8 of 8 people found the following review helpful
Spooks and U2s,
This review is from: Bridge of Spies: A True Story of the Cold War (Hardcover)
Giles Whittell is a natural-born reporter, a writer with an eye for detail and for the dramatic. Bridge of Spies is not just his version of the famous story of the U2 pilot who was shot down over the Soviet Union and his swap with a legendary Russian spy. It's a thriller in its own right, with all the ingredients of an exceptionally well told and observed story. Whittell is a reporter in his element, writing on a subject he clearly finds fascinating and portraying Francis Gary Powers in a sympathetic light, unlike his CIA masters who appear to have resented the fact that he survived his traumatic shoot-down at 70,000ft and was imprisoned by the KGB, poviding the Russians with a propaganda trophy with which to berate the Americans.
What makes this book such a good read are the characters. They bring this story to life and provide the reader with an insight into an historical event which was not just about the politics of the Cold War but a personal account of people who were embroiled in some of the most daring and exciting exploits of that past era; and as we know from the more recent exposure of the Russian spy ring in the United States which included a beautiful and shapely female spy, Anna Chapman, espionage is not a dying profession. The Cold War, in a different disguise, goes on.

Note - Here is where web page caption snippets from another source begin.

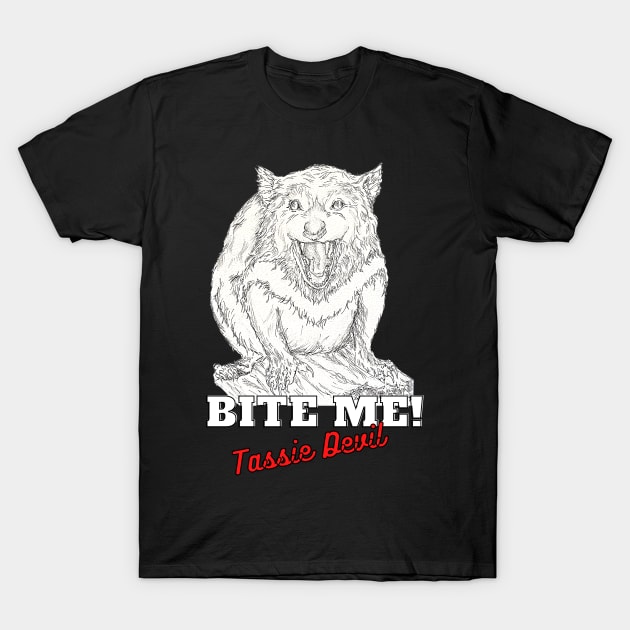 Bite Like a Tassie Devil T-Shirt by AussieLogic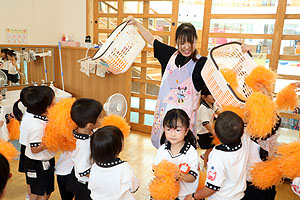 ダンシングぽんぽん入れゲーム　きりん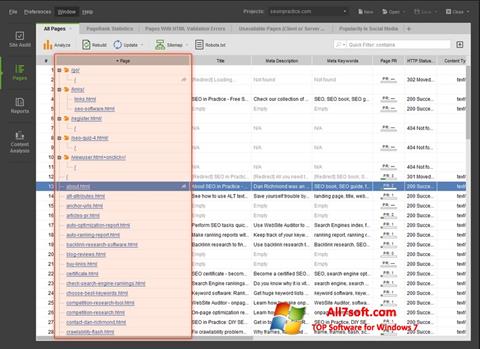 Skærmbillede Site-Auditor Windows 7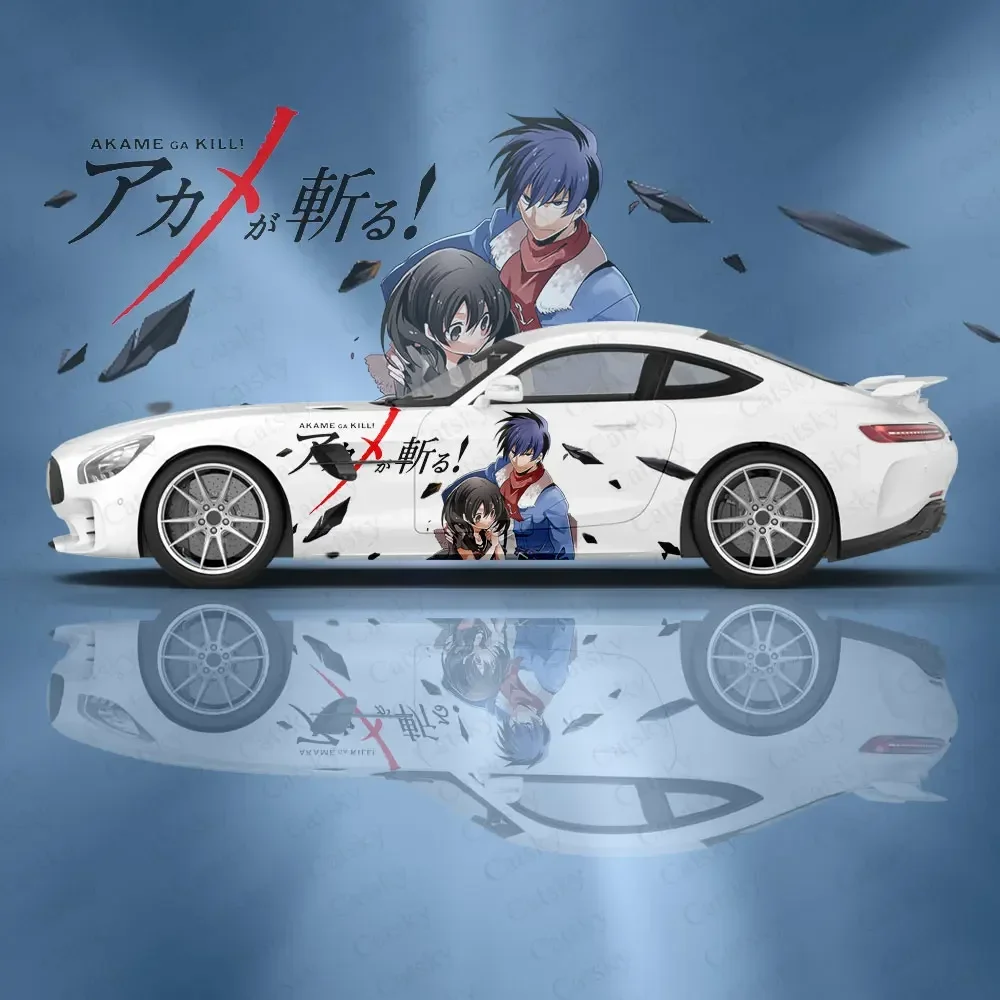 Custom Kurome Akame ga Kill! Car Accessories Anime Itasha Body Stickers Auto Side Film Decal Body Sticker SUV Decoration Pattern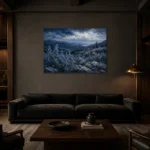 Premium Wall Art Yatay Html Edition – KITCHENNW2048 shown in a warm modern interior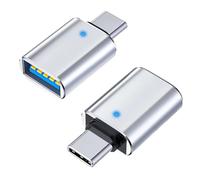 RWAJZAX Adattatore USB C a USB Convertitore USB compatibile per smartphone di tipo C Connessione senza soluzione di continuità con vari dispositivi Adattatore USB C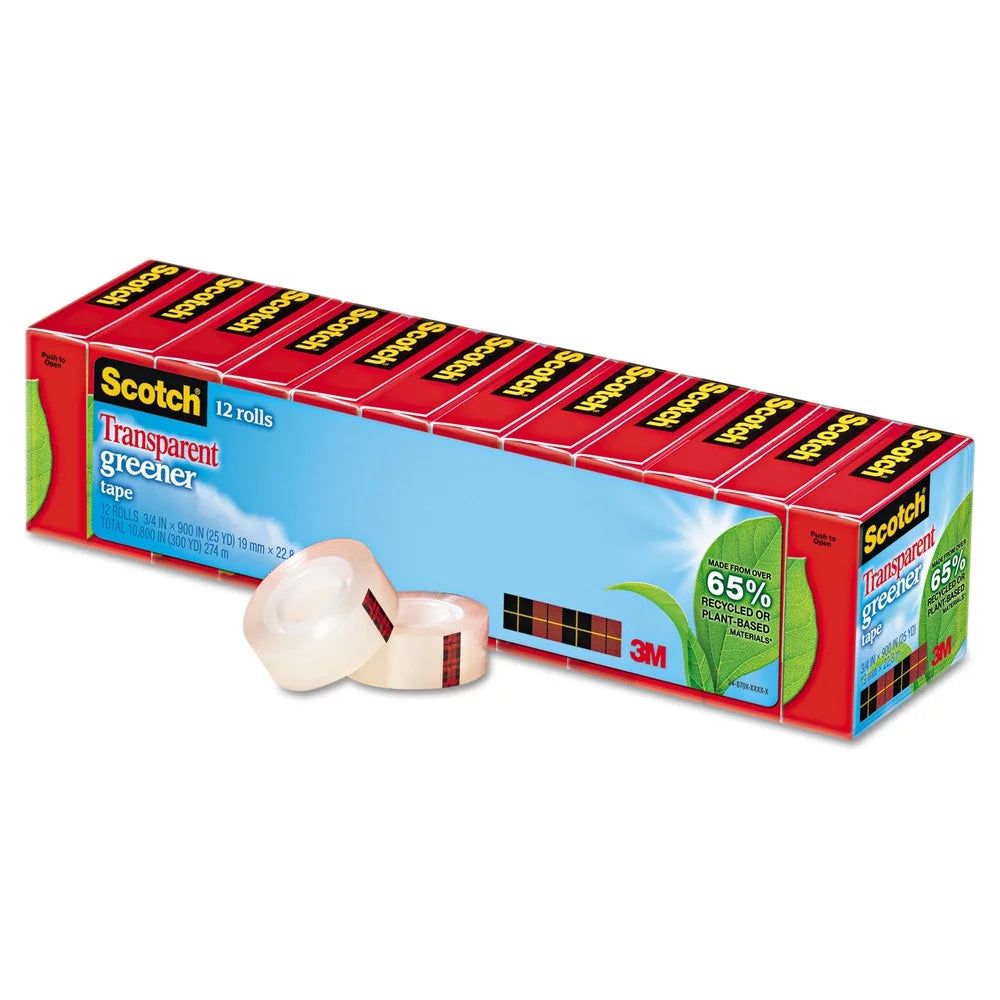 Transparent Tape 12-Piece Pack Y9335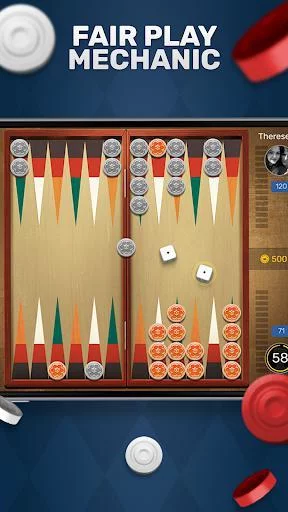 Изображение игры: Free Backgammon Go: Best online dice & board games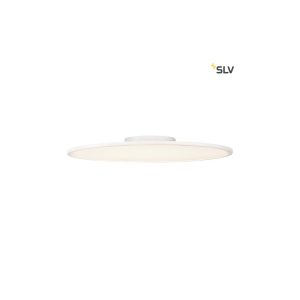 SLV Panel 60 Rund LED Deckenaufbauleuchte Weiß 3000K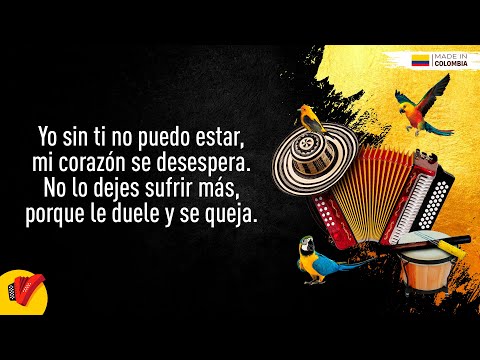 Sin Ti, Binomio De Oro De América, Video Letra - Sentir Vallenato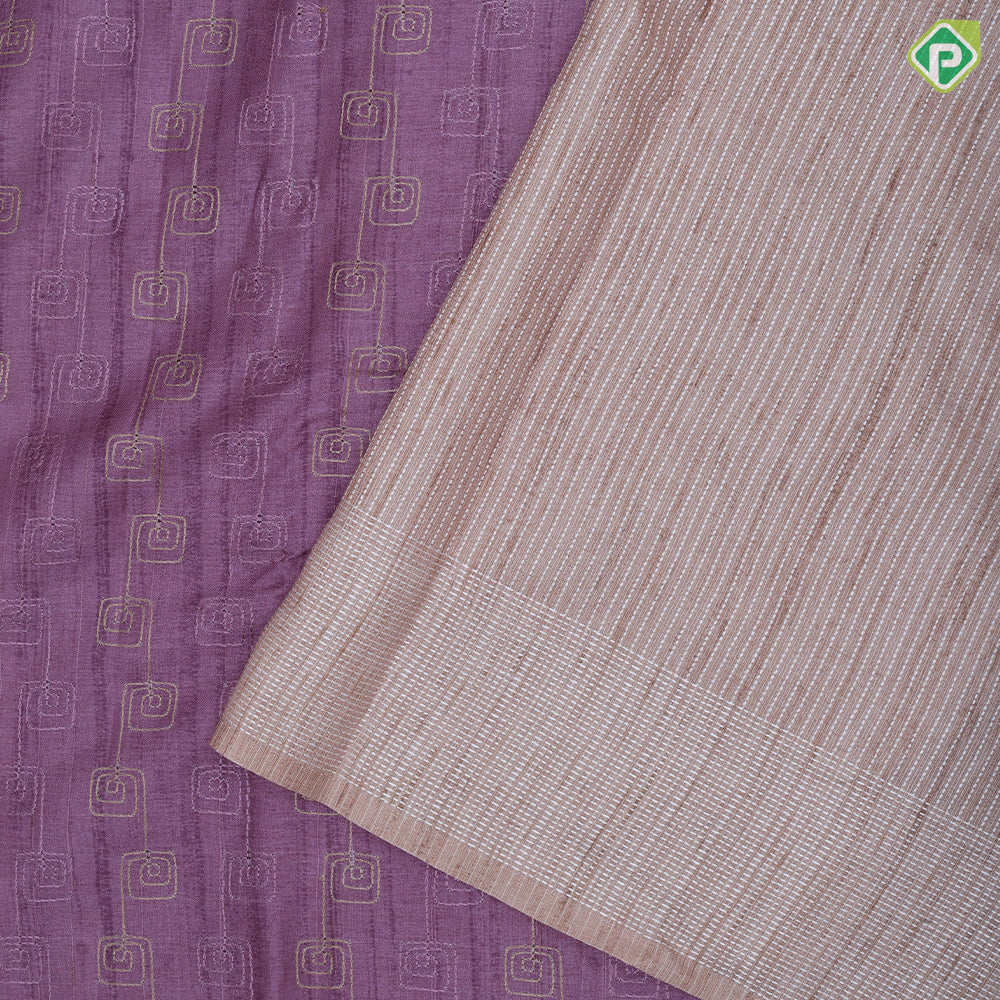 Light shades fancy embroidered design cream color border fancy cotton saree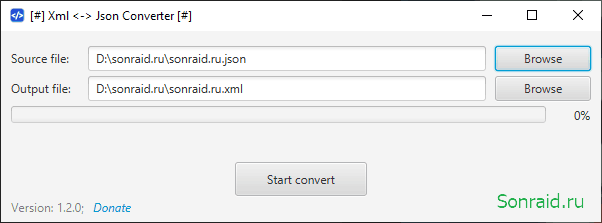 Xml2Json Converter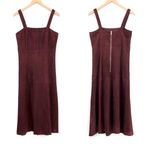 Intermix Connie Sleeveless Suede Dress Dark Red 6 Photo 1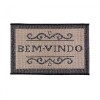 Alfombra Felpudo de Entrada - Eco Nature 40x60 cm Marrón Oscuro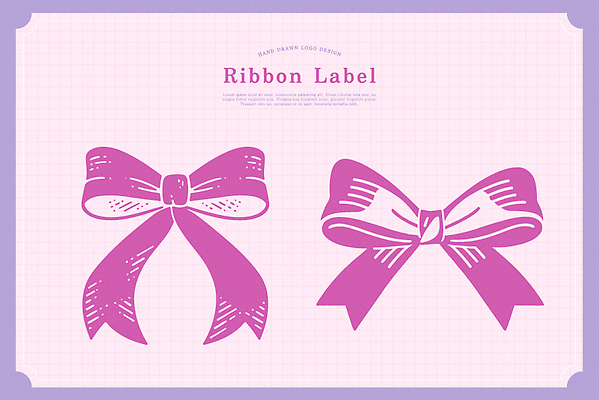 모양 디자인 리본 예술 선 분홍색 컬러 백그라운드 패턴 일러스트 그래픽 장식 라벨 심볼 질감 창의성 벡터 국내일러스트 AI파일 무늬 프레임 파일형식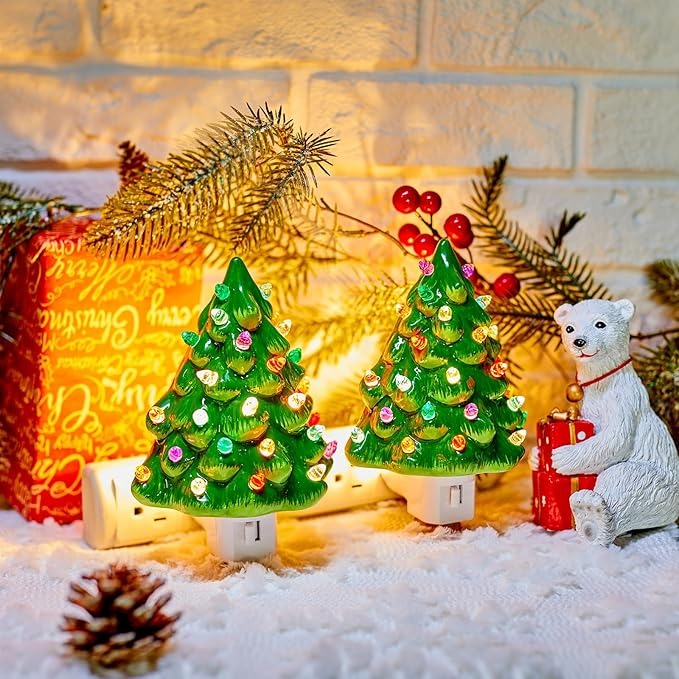 Vianočná nočná lampa stromček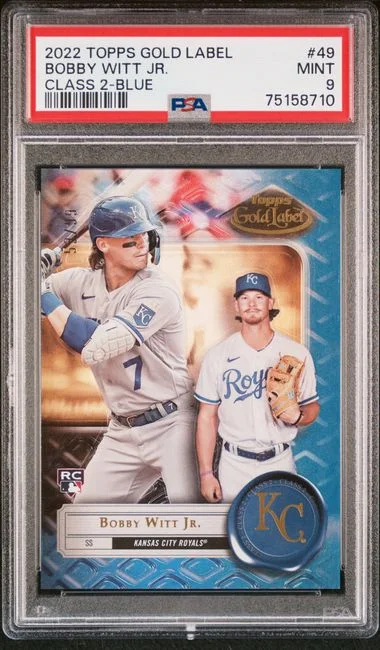 2022 Topps Gold Label 49 Bobby Witt Jr. Class #2-Blue card image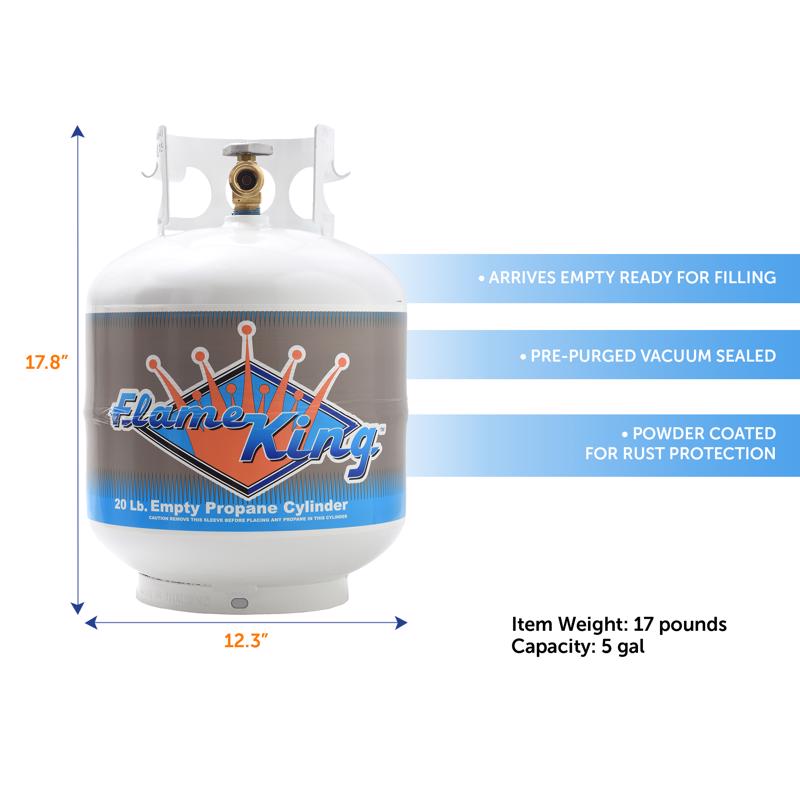 Flame King 20 lb Steel Type 1 Empty LP Tank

The secrecy of the U2 programme - the elegant silver (then black) aircraft which were supposedly part of the Weather Reconnaissance Squadron Number Two - the sheer endurance of the pilots like Powers, strapped for hours in space suits as they flew over the forbidden territory of the Soviet Union; the machinations of William Fisher, alias Rudolf Abel, who achieved very little despite a reputation for being a masterspy; and Frederic Pryor, the spy who never was a spy. All the components required for a thriller. I also loved the bravado of the American lawyer, James Donovan, Fisher's lawyer, and the woman who briefly stars in the story whose scoop was read around the world - Annette von Broecker, the Reuters "editorial assistant" (not even a reporter) who predicted that the spy swap between Powers and Fisher would take place at Berlin's Glienicke Bridge and while every other reporter was waiting at the more famous Checkpoint Charlie, she rushed off to the lesser known bridge and was in time to witness the handover. But she didn't even get her byline on the story - just a cup of hot chocolate from her colleagues by way of thanks! Another personal ingredient in a wonderful book.